== Dataset content ==
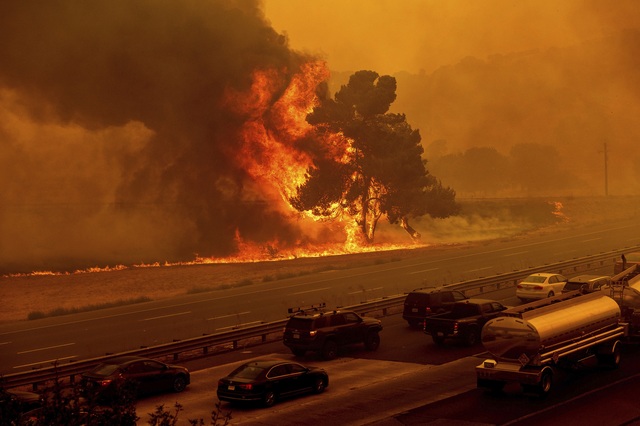 Hơn 10.000 vụ sét đánh khiến cháy rừng tại California lan rộng - Ảnh 1.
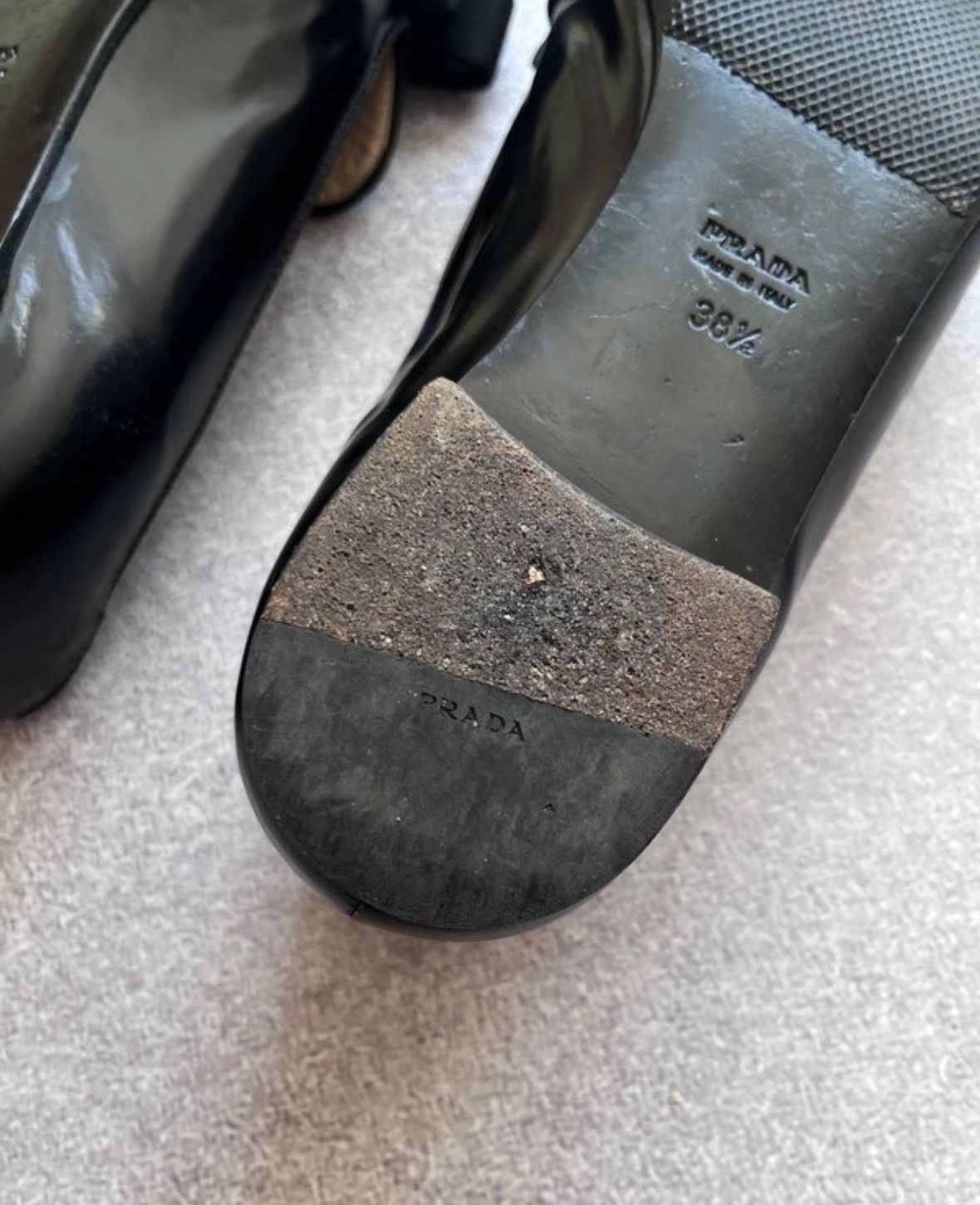 Prada VINTAGE PRADA LOW GENUINE LEATHER AVANTGARDE FLATS RARE Size US 8.5 / IT 38.5 - 6 Thumbnail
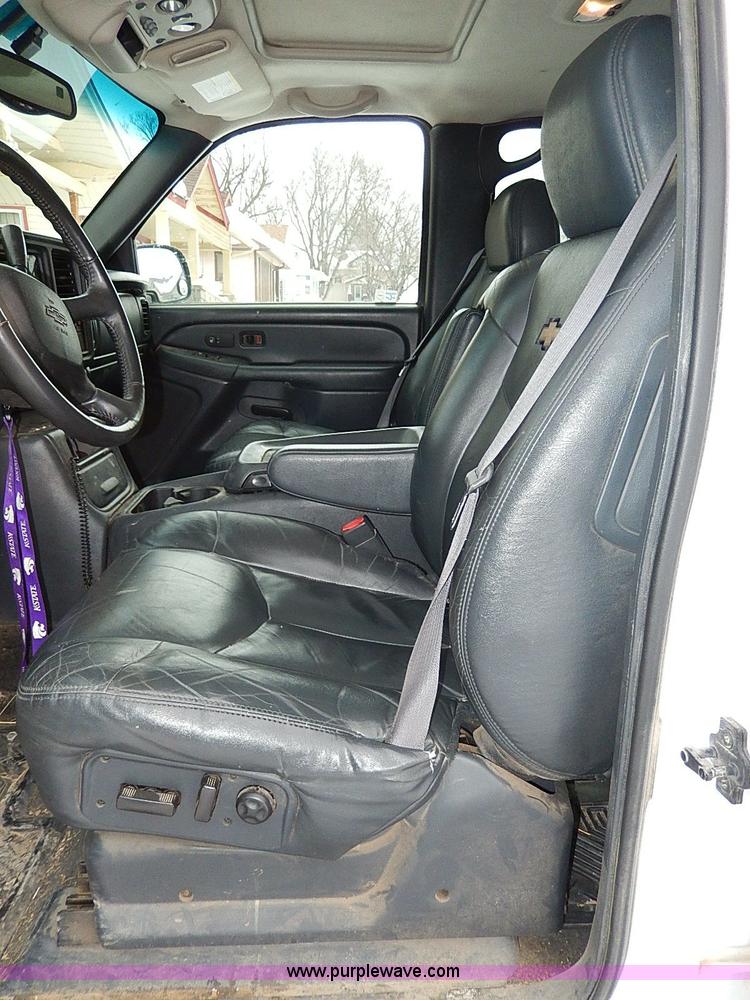 image for item I9431 2002 Chevrolet Avalanche 1500 Z71 pickup truck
===
Problem statement: Give back the whole listing as it stands, minus its pictures.

Answer for this exercise:
 Hơn 10.000 vụ sét đánh khiến cháy rừng tại California lan rộng - Ảnh 1.
 Prada VINTAGE PRADA LOW GENUINE LEATHER AVANTGARDE FLATS RARE Size US 8.5 / IT 38.5 - 6 Thumbnail
 image for item I9431 2002 Chevrolet Avalanche 1500 Z71 pickup truck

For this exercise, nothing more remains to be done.